When I first started this blog, I anticipated writing more posts about fiction, understood from a Christian worldview. As it’s happened, I’ve ended up writing more posts about the Christian worldview than I do about fiction. And what better time to do so. I mean, Christmas is not exclusively a religious holiday, but it nevertheless does have religious significance. And not just religious. Christian meaning!
We aren’t celebrating the birth of any old god. Rather, Christmas rivets our attention on Jesus, the Christ, who entered the world as a baby.
The first miraculous part of His coming was His conception. His mother Mary was a virgin. Clearly anyone reading the Christmas story must question this. I mean, how many virgins do we know who get pregnant?
Interestingly, C. S. Lewis addresses this very subject in his book Miracles. This volume is much more of an apologetic for God and His work in the world than I had realized. As an aside, I can see more clearly why Philip Pullman, author of His Dark Materials, called himself the anti-Lewis. But because Lewis had himself been an atheist, he could anticipate the arguments an atheist would make against the Supernatural.
Unsurprisingly, the miracle Lewis refers to with some frequency is the virgin birth. Here are some of his thoughts in answer to the common atheist argument that people of old believed in miracles because they didn’t have the scientific knowledge we have now.
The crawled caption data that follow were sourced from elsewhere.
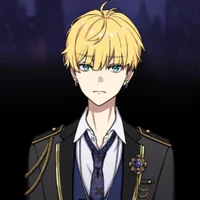 Kaito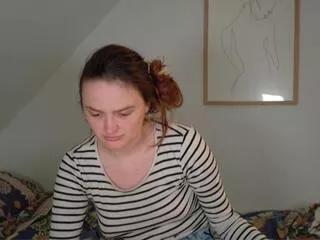 Freechat kiera_harris on Flirt4Free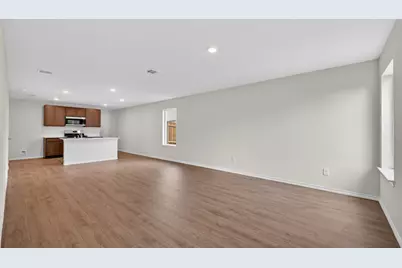3411 Cedarwood Drive, Talty, TX 75126 - Photo 14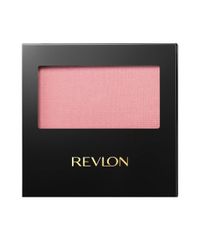 Blush-Revlon-Powder---Mauvelous-Unico-9951977-Unico_1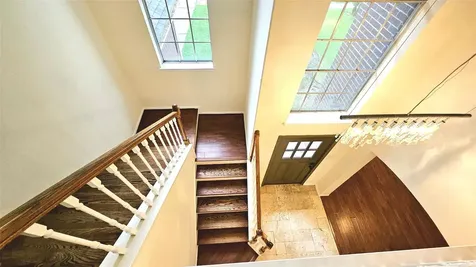3121 English Oaks Boulevard Pearland TX 77584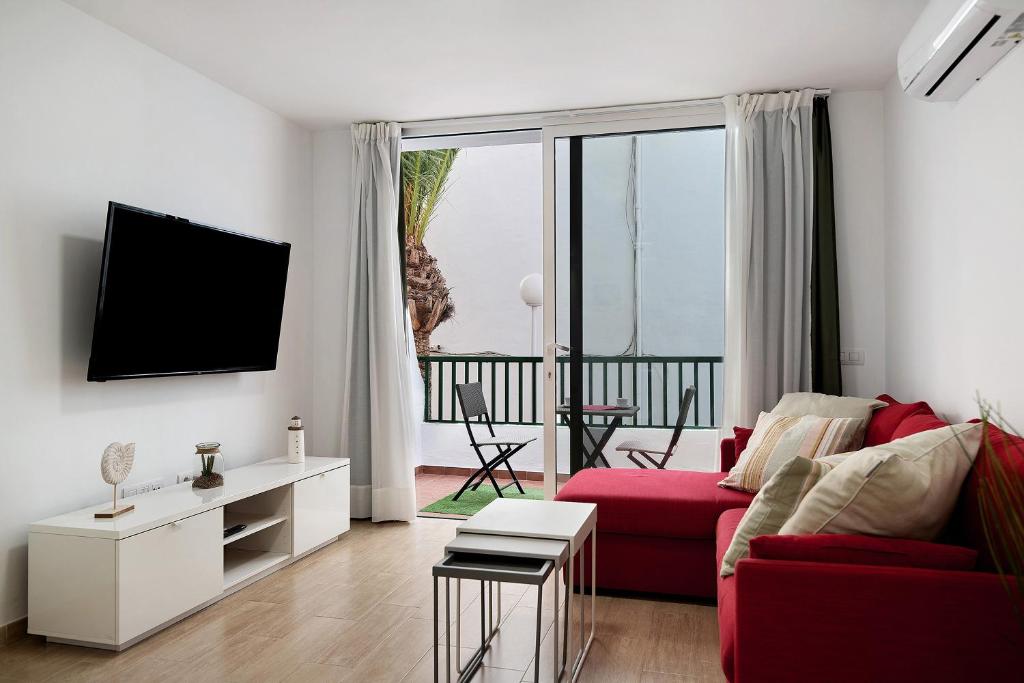 Casa Joyne - 1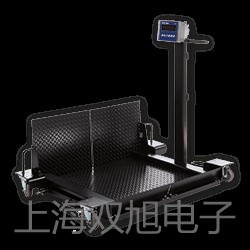 電子天平ES500K×5【雙旭牌】對(duì)照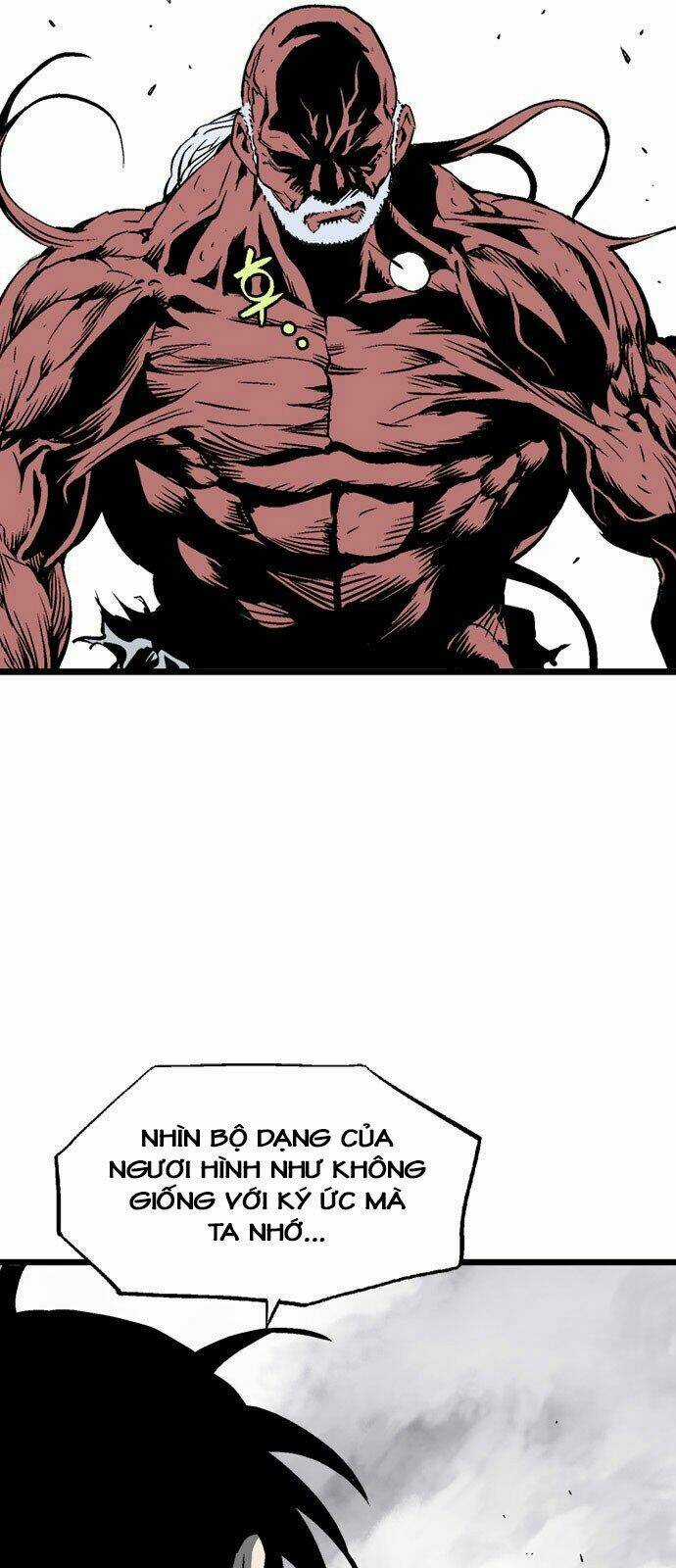 Gosu 2 - Chapter 107 - Trang 55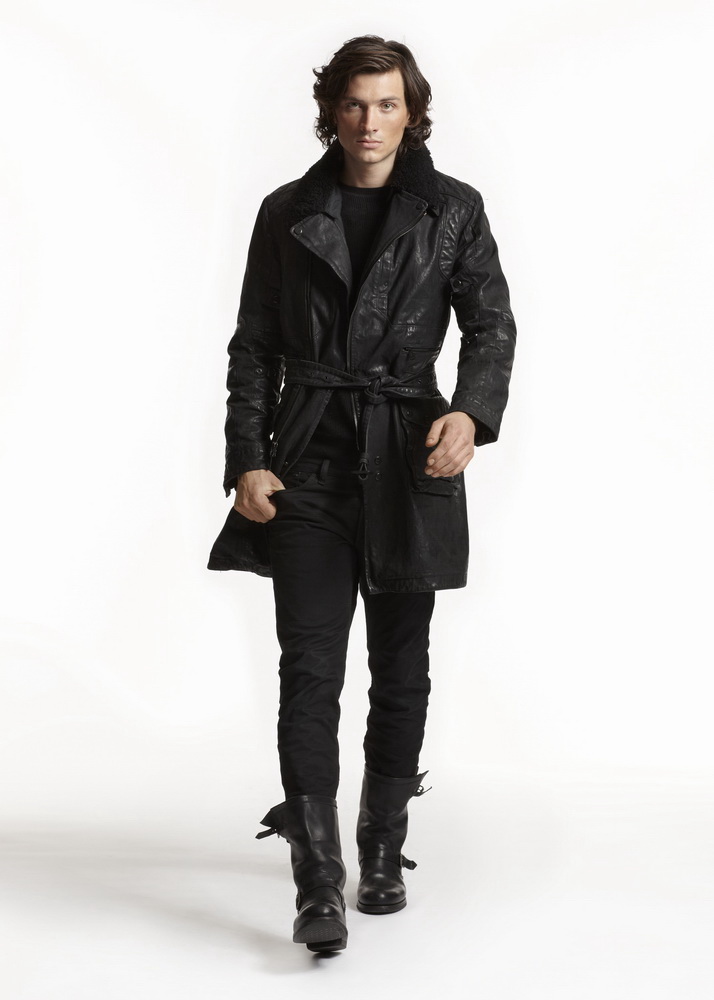 Ralph Lauren 2012ﶬbDƬ
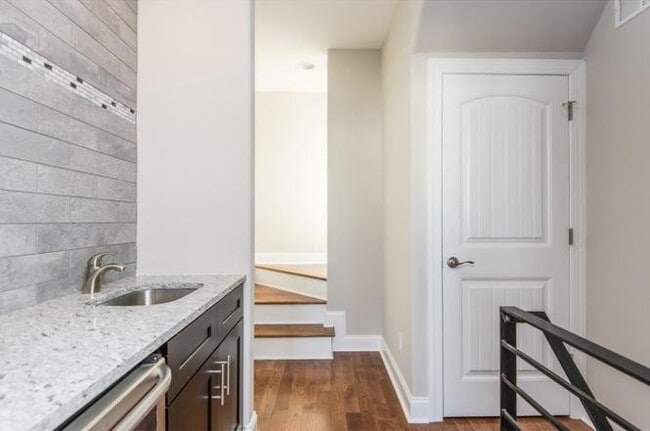 Building Photo - STUNNING NEW-CONSTRUCTION 4-BED, 3-BATH W/...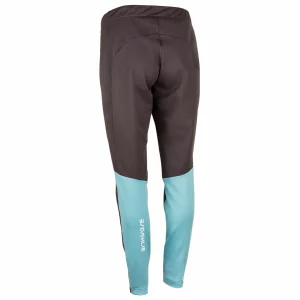 Daehlie – Women’s Pants Challenge – Pantalon De Ski De Fond 8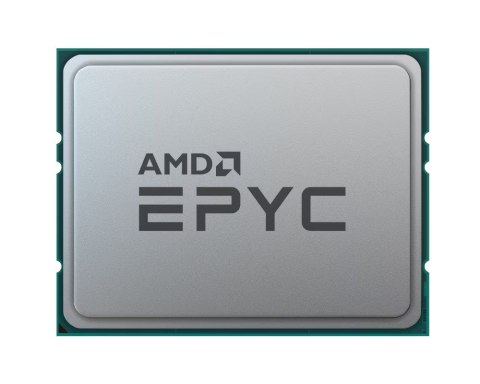 Procesor AMD EPYC 4564P (16C/32T) 4.5GHz (5.7GHz Turbo) Socket AM5 TDP 170W tray Procesor AMD EPYC 4564P (16C/32T) 4.5GHz (5.7GHz Turbo) Socket AM5 TDP 170W tray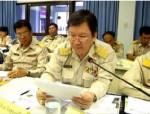 ค้าชายแดนไทย-กัมพูชาด้านสระแก้วลดเหตุแหล่งค้าเพิ่มในภาคอีสาน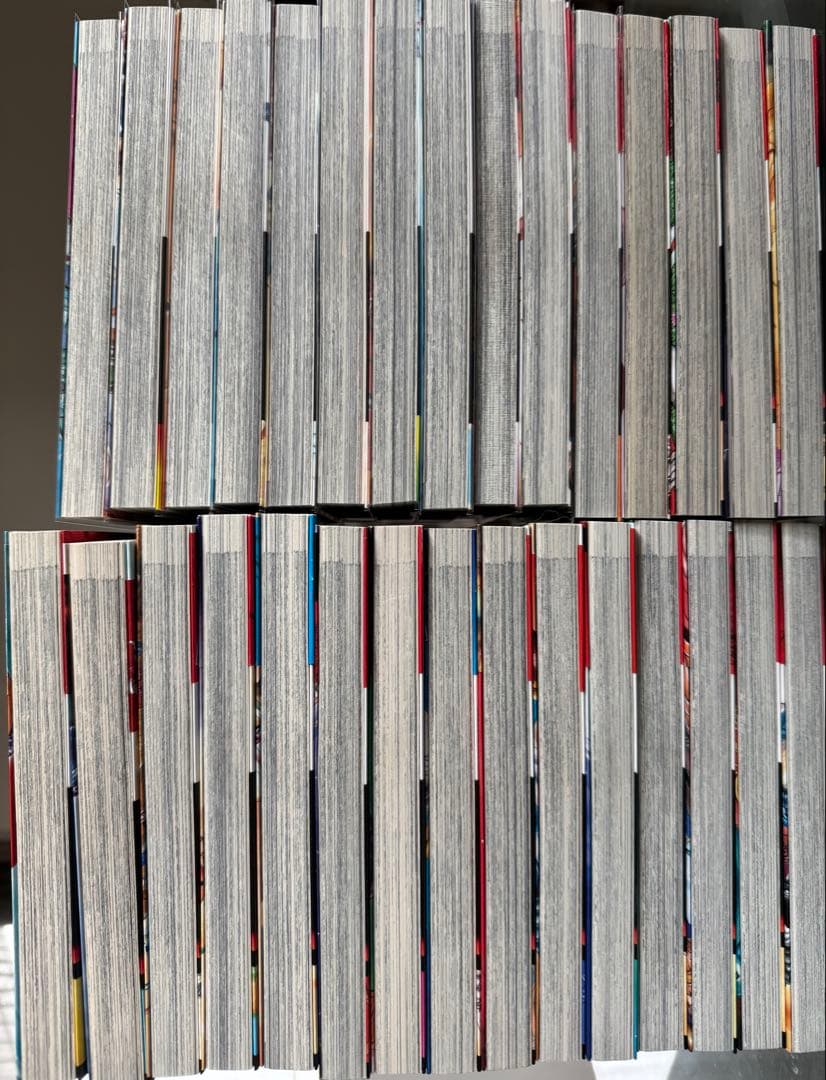 漫画 キングダム 全巻セット 1巻から78巻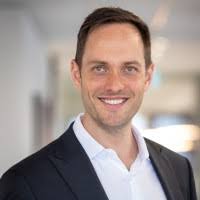 Phil Cutts Email & Phone Number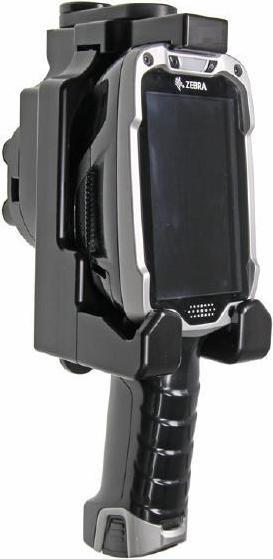Immagine prodotto Zebra Kit di accessori per il dispositivo di acquisizione dati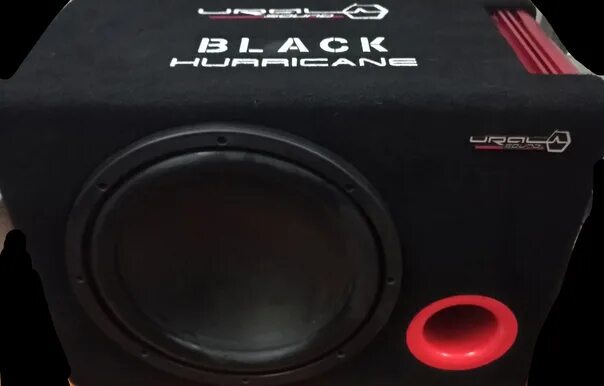 Блэк саба. Блэк саба. Dl audio phoenix black bass 12. Короб для black hydra hgs-2521. Блэк саба.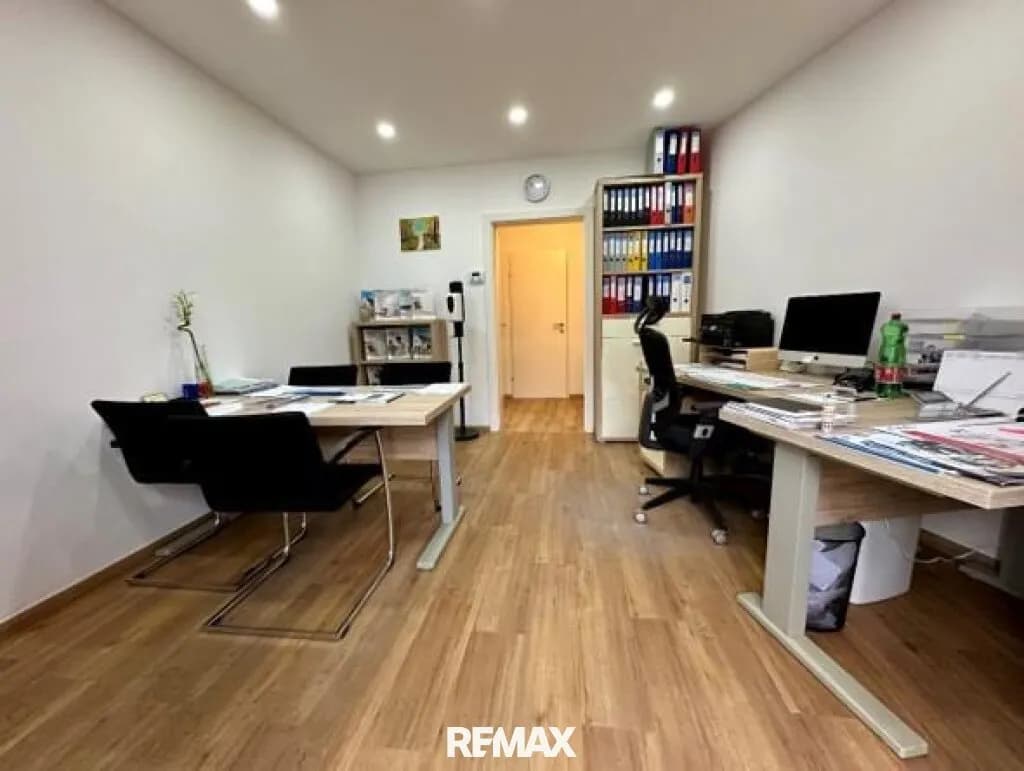 16-Zimmer-Haus kaufen in Baden – 554 m², € 1.390.000 – Bild 44 von 46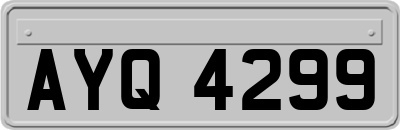 AYQ4299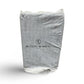 Bric's B|Y Ulisse 28" Expandable Spinner - Grey Blue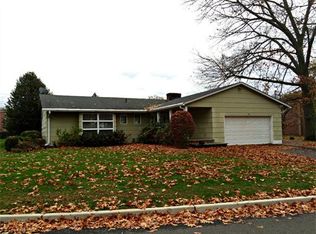 10 Carpender Rd, New Brunswick, NJ 08901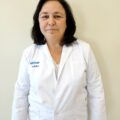 Dra. Emilia Villegas Muñoz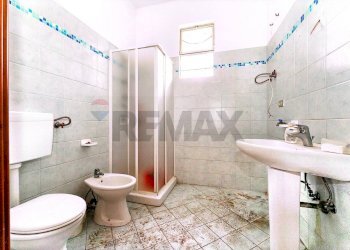 Bagno - Casa indipendente Via Montecenere
 
176, Paterno - foto 10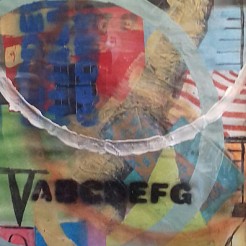 Zt014 geschilderd door 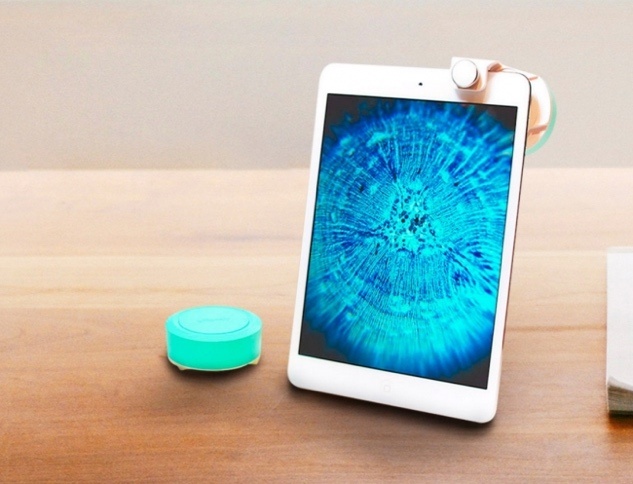 Taiwan Excellence anh 3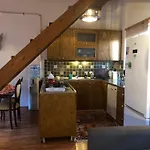 Villa Kaleici Muestakil Bahceli Ev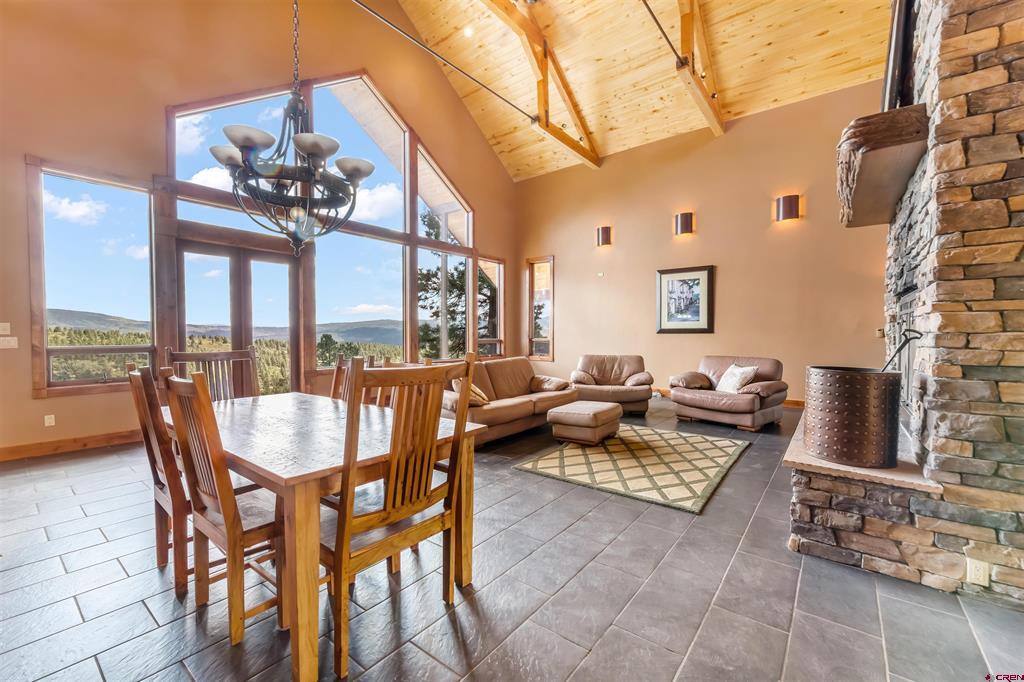 401 Soaring Eagle Chromo CO 81128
You will hear people say, “The early Christians believed that Christ was the son of a virgin, but we know that this is a scientific impossibility.” Such people seem to have an idea that belief in miracles arose at a period when men were so ignorant of the course of nature that they did not perceive a miracle to be contrary to it. A moment’s thought shows this to be nonsense: and the story of the Virgin Birth is a particularly striking example. When St. Joseph discovered that his fiancé was going to have a baby, he not unnaturally decided to repudiate her. Why? Because he knew just as well as any modern gynecologist that in the ordinary course of nature women do not have babies unless they have lain with men. … When St. Joseph finally accepted the view that his fiancé’s pregnancy was due not to unchastity but to a miracle, he accepted the miracle as something contrary to the known order of nature. All records of miracles teach the same thing. In such stories the miracles excite fear and wonder (that is what the very word miracle implies) among spectators, and are taken as evidence of supernatural power. If they were not known to be contrary to the laws of nature how could they suggest the presence of the supernatural? How could they be surprising unless they were seen to be exceptions to the rules? And how can anything be seen to be an exception till the rules are known? … If St. Joseph had lacked faith to trust God or humility to perceive the holiness of his spouse, he could have disbelieved in the miraculous origin of her Son as easily as any modern man; and any modern man who believes in God can accept the miracle as easily as St. Joseph did.
Good stuff, important to recall when we are approaching the celebration of the Incarnation. At every turn concerning Christ’s birth, there was a miracle. It’s helpful to remember that the things which seem impossible are impossible, except for God who can do the impossible.
This post was inspired by one that appeared here in December, 2007.